Losing baby teeth: When it’s time to meet the tooth fairy

When It’s Time to Meet the Tooth Fairy

A little one’s first wiggly tooth is a bittersweet milestone for parents. It’s another sign they’re growing up. But when this happens varies widely.

Babies are born with 20 primary teeth just under their gums. These teeth, like adult chompers, vary in shape, size, and location. Like a football team, their differences all work together for a purpose — to help kids chew comfortably, speak clearly, and smile happily. They also help form and shape the mouth, jaw, and face.

Baby teeth begin to erupt at around 6 months of age and sprout over the next few years. Children start to lose baby teeth as early as age four while others won’t meet the tooth fairy until age seven. On average, most children will begin to lose their primary teeth around age six. But timing isn’t everything. What’s more important is the order in which teeth fall out and are replaced with permanent teeth.

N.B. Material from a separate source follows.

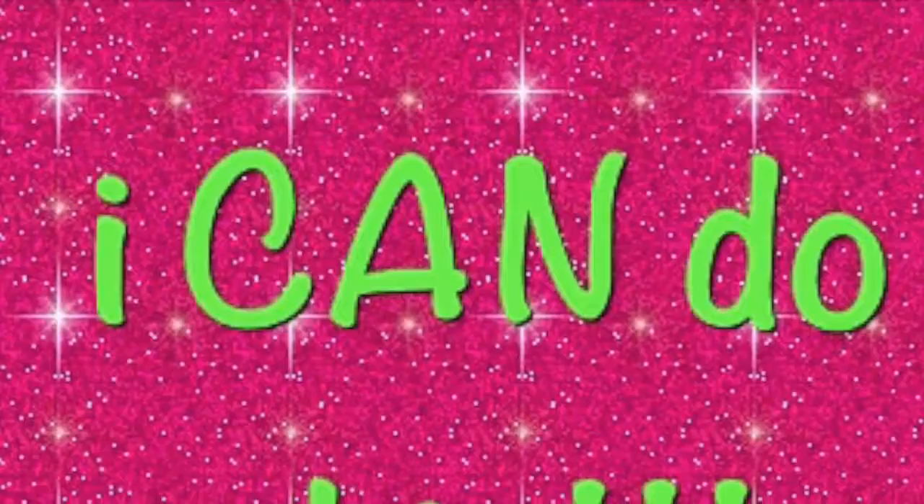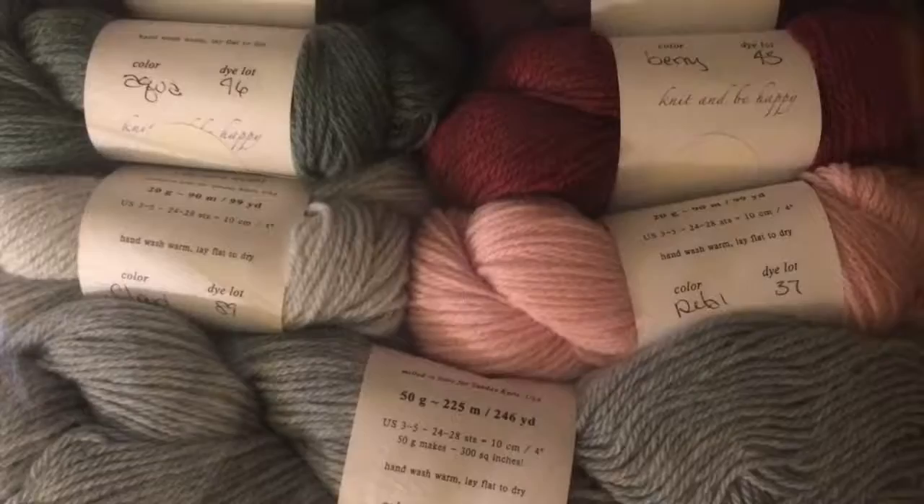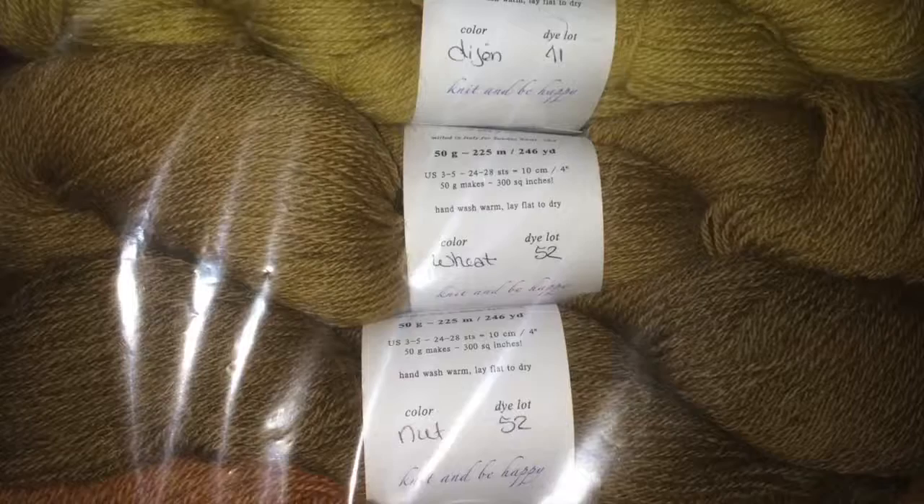Hello, and welcome to episode 14 of Knitsense. My name is Jan. You can find me as JanAllenRN on Ravelry, also on Instagram, on Twitter, on Facebook, and Snapchat, which I don't use too often because I haven't figured it out yet. But you can always try.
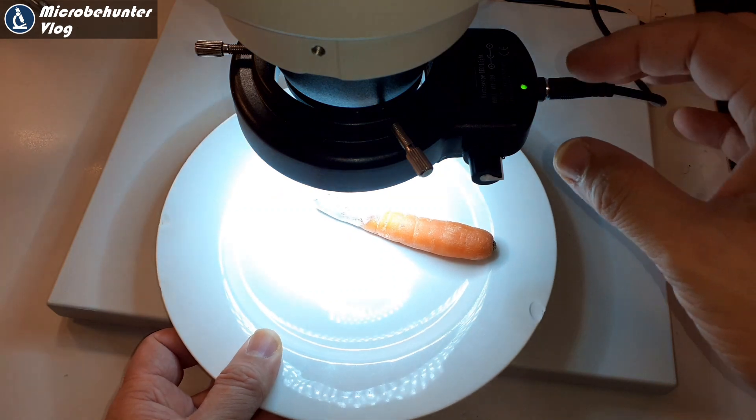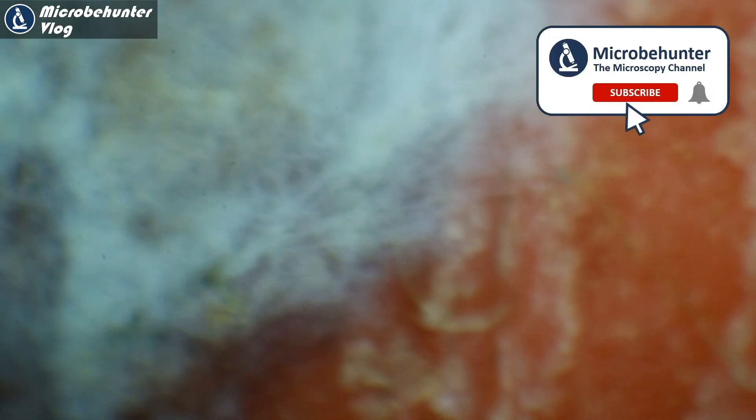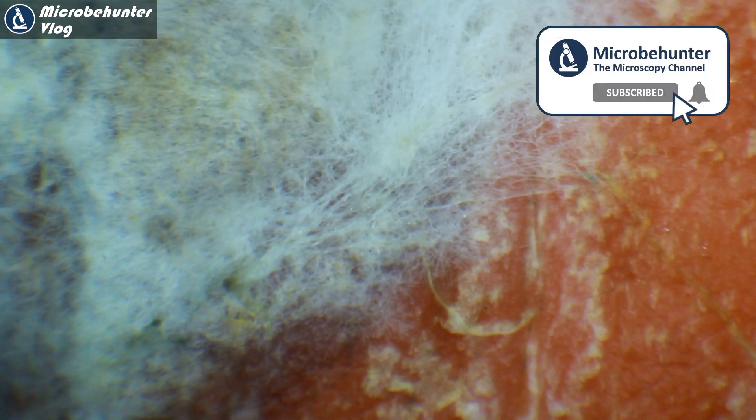First of all, every time when you handle mold, be careful because the spores can cause allergies and some people start to get asthmatic attacks when they inhale them. So be careful when you handle it. Under the stereo microscope you can see very well the fuzzy nature of the so-called mycelium.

Typically, the first baby teeth to fall out are the two bottom and two top front teeth. These are called the lower and upper central incisors. Usually the lateral incisors, first molars, canines, and second molars follow. Children lose their molars between ages 10 to 12. Adult molars come in around the age of 13. By age 21, all 32 permanent teeth have usually erupted.

If a youngster loses a baby tooth early from decay or an accident, it could create problems for permanent teeth. An adult tooth might drift to the open space, crowding other teeth and causing crookedness. Alert your child’s pediatric dentist if your child loses a tooth for any reason other than a permanent tooth coming in.

Make sure your child continues to brush and floss, and remember to schedule dental checkups twice a year. Regular visits with your pediatric dentist will ensure your child’s teeth are healthy as they transition from baby teeth to permanent choppers.